Lorsqu’il apprend le départ de M. Dupré, Richard Renaud, membre du conseil d’administration de l’OM, qui avait également siégé au conseil d’administration du COC, lui fait une offre. D’abord inquiet, M. Dupré réalise que les musiciens sont animés des mêmes valeurs, de la même passion, de la même recherche de l’excellence, que les athlètes. « Les défis de la gestion d’un orchestre et d’une organisation sportive sont les mêmes », explique M. Dupré, qui s’est rendu compte que la principale différence est que les sports s’appuient fortement sur le marketing et les commandites, alors que la collecte de fonds est plus importante pour les arts. « J’ai beaucoup appris en parlant avec les donateurs et en cherchant à comprendre les motivations derrière leurs dons. »

Il a passé sa première année et demie à reconstruire les relations avec les musiciens, les partenaires et les bailleurs de fonds, en convainquant le Conseil des arts que l’OM méritait davantage de financement. Par exemple, l’OM ne recevait que 80 000 $ par an au niveau fédéral en raison d’une règle non écrite selon laquelle un seul grand orchestre par ville devait être soutenu. Il a fait passer ce montant à 400 000 $.

En 2014, il élabore un nouveau plan stratégique à partir de la vision artistique du directeur artistique de l’OM, Yannick Nézet-Séguin. Le comité incluait des membres du personnel, des membres du conseil d’administration et des musiciens. Ce plan prévoyait des enregistrements réguliers et des tournées internationales, ce qui augmentait le nombre de prestations des musiciens. « Lorsque j’ai rencontré le conseil d’administration en 2015 pour l’approbation de notre première tournée internationale en Europe en 2018, nous devions décider immédiatement parce que l’agence réservait les salles, mais nous n’avions pas levé une seule partie du budget de 1,2 million $. Or, le conseil d’administration a cru en moi, dit Dupré. Le niveau de confiance qu’il m’a accordé m’a ainsi permis de concrétiser beaucoup de projets. » Cette tournée a été un succès à la fois artistique et financier. « Nous avons pu offrir aux musiciens une prime de Noël cette année-là. »

Dupré est particulièrement fier des concerts d’été au parc du Mont-Royal qui ont débuté au sommet du Mont-Royal en 2016. Ils sont devenus si populaires qu’ils ont dû les déplacer au pied de la montagne et en faire un événement annuel.
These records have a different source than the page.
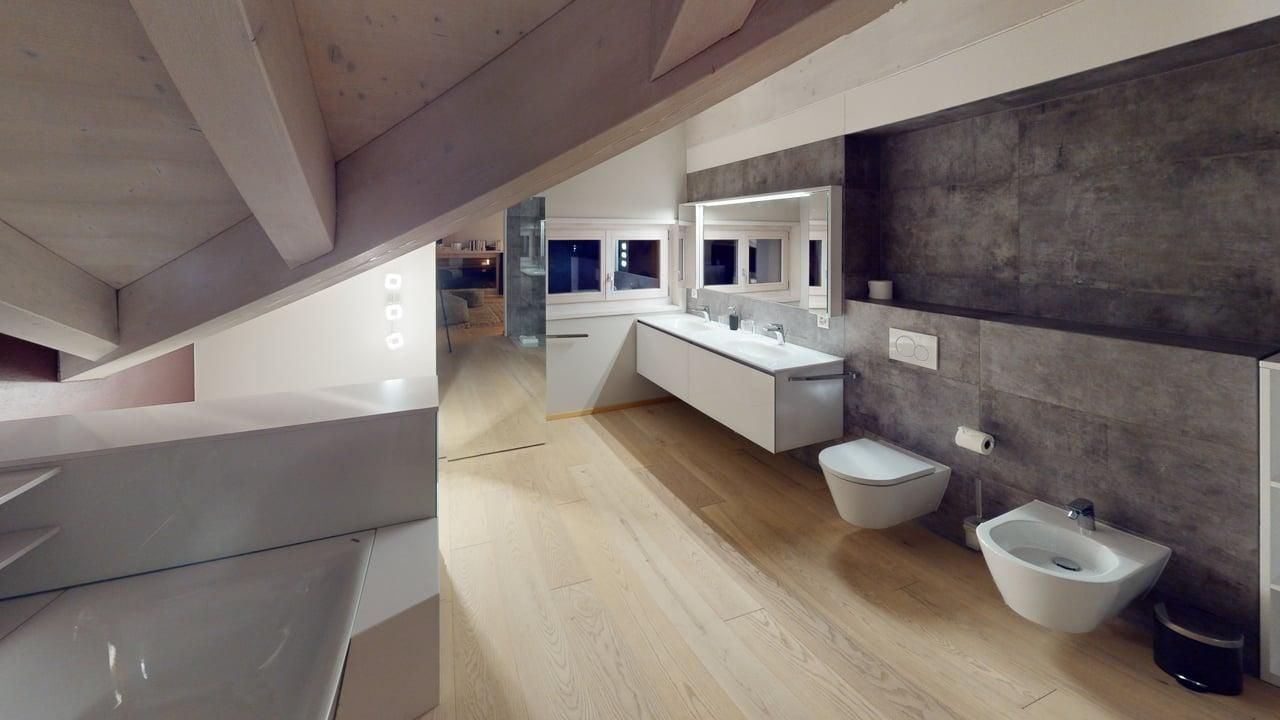 A modern, minimalist bathroom with a sloped ceiling, wood flooring, a white floating vanity, and charcoal-tiled walls.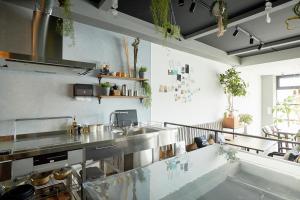 a large kitchen with stainless steel counters and a sink at Drop Inn Tottori in Tottori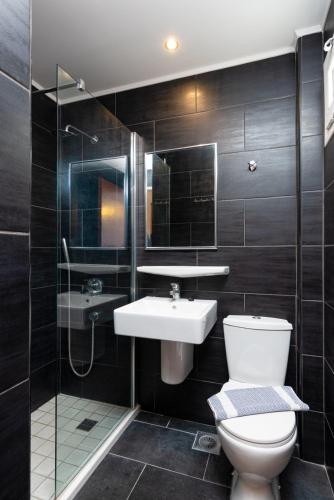 a bathroom with a toilet and a sink and a shower at Bellos Hotel Apartments in Hersonissos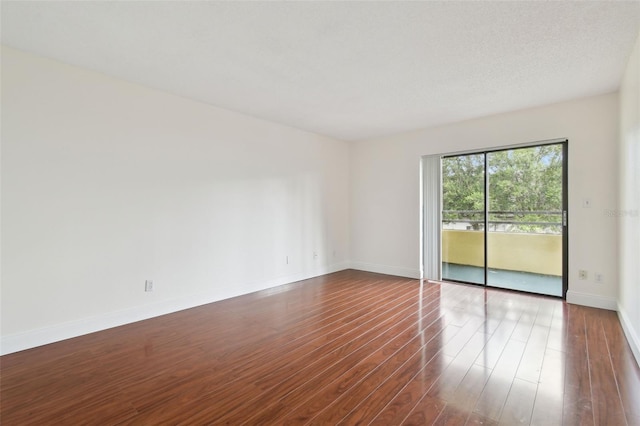 13612 S Village Dr Unit 5201, Tampa, FL 33618 - spare room with dark wood-type flooring and baseboards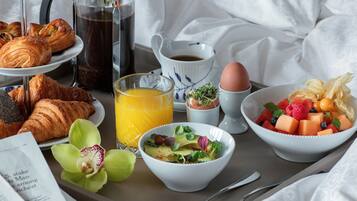 A breakfast tray with croissants, a coffee pot, a glass of orange juice, a bowl of fruit salad, and a cup of coffee.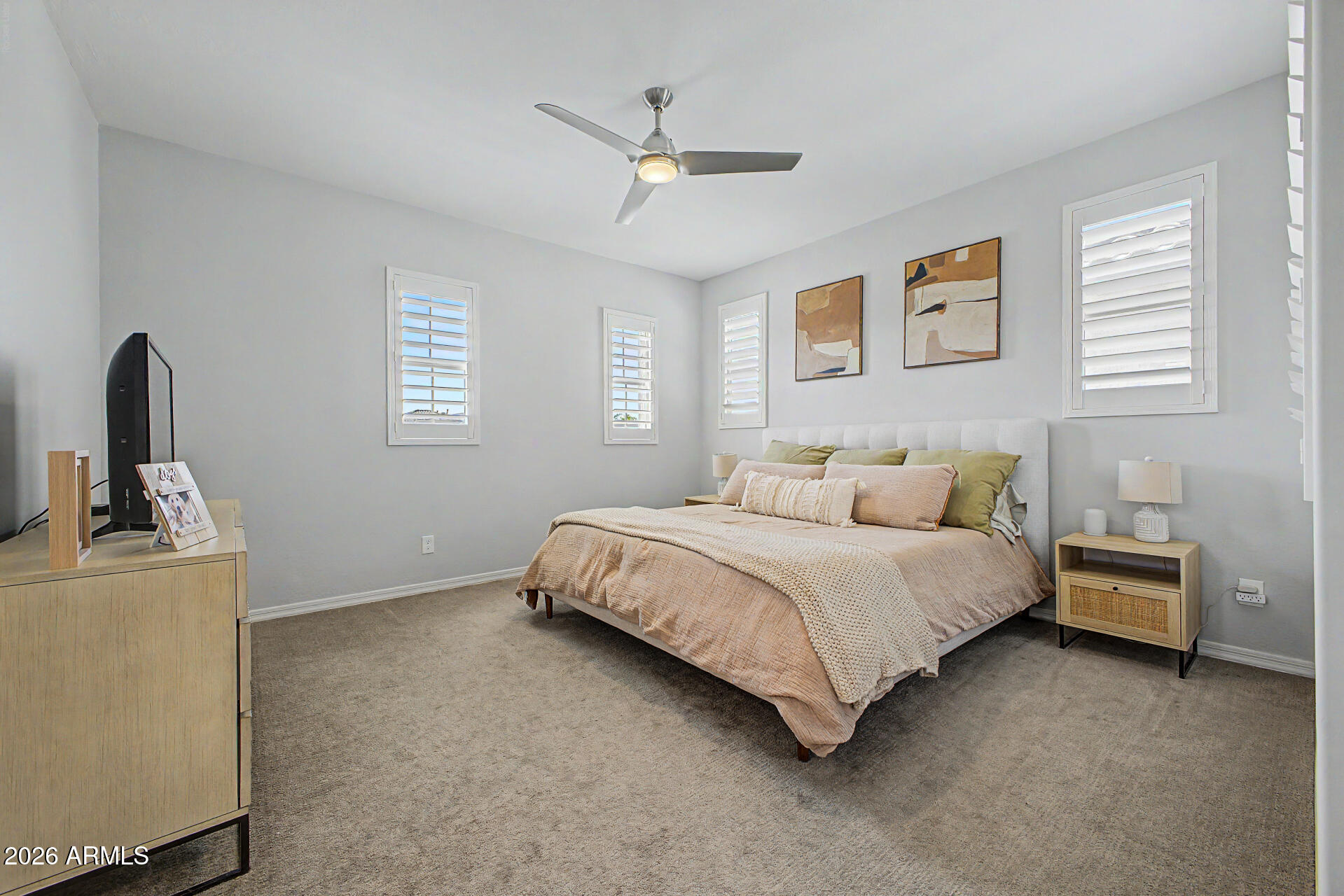 2583 South Entwistle Street Gilbert, AZ 85295 - Photo 12 of 42 a bed room with a bed and a chandelier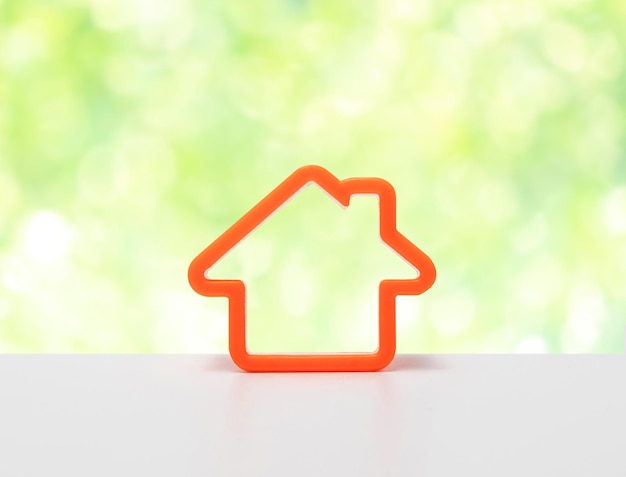 Símbolo de icono de casa naranja Icono de casa en mesa blanca con fondo verde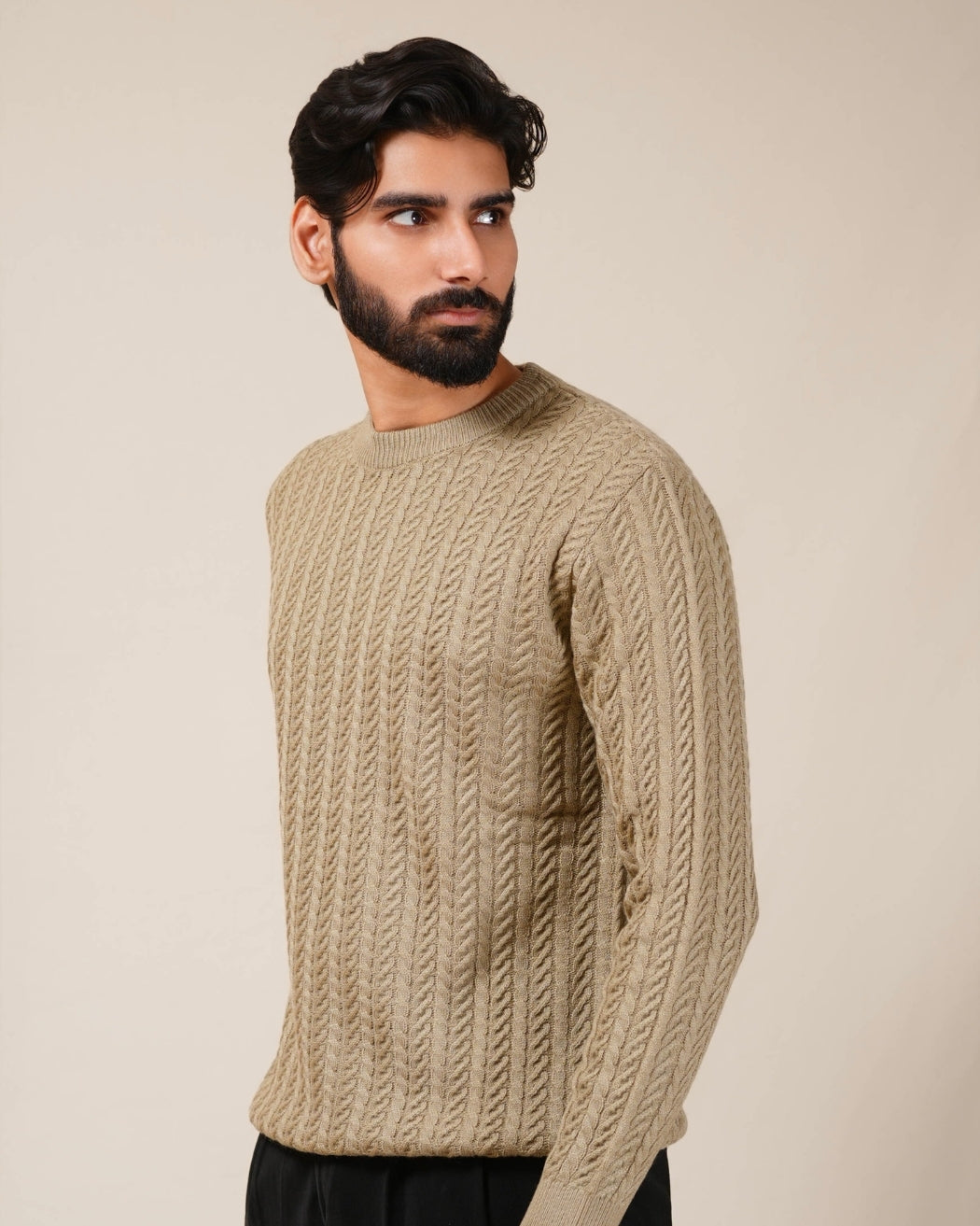 Man wearing a beige knitted sweater against a plain background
C’est après l’un de ces concerts que Martin Hudon, actuel directeur général adjoint de l’OM et qui travaillait à l’époque au marketing de l’Orchestre symphonique de Montréal (OSM), a envoyé à Dupré sa candidature pour travailler pour l’OM. En fait, les 22 employés de l’OM comptent maintenant plusieurs anciens employés de l’OSM. « Je ne vais pas les chercher, ils viennent à moi », dit M. Dupré, qui croit qu’il faut embaucher les meilleures personnes et leur déléguer des responsabilités et des obligations.

Après avoir passé des années à travailler loin de chez lui, Dupré est prêt à prendre sa retraite et à passer du temps avec sa femme, à laquelle il est marié depuis 38 ans. « La pandémie nous a montré que nous pouvions passer chaque jour ensemble. » Son œuvre de musique classique préférée est Nimrod (des Variations Enigma) d’Elgar.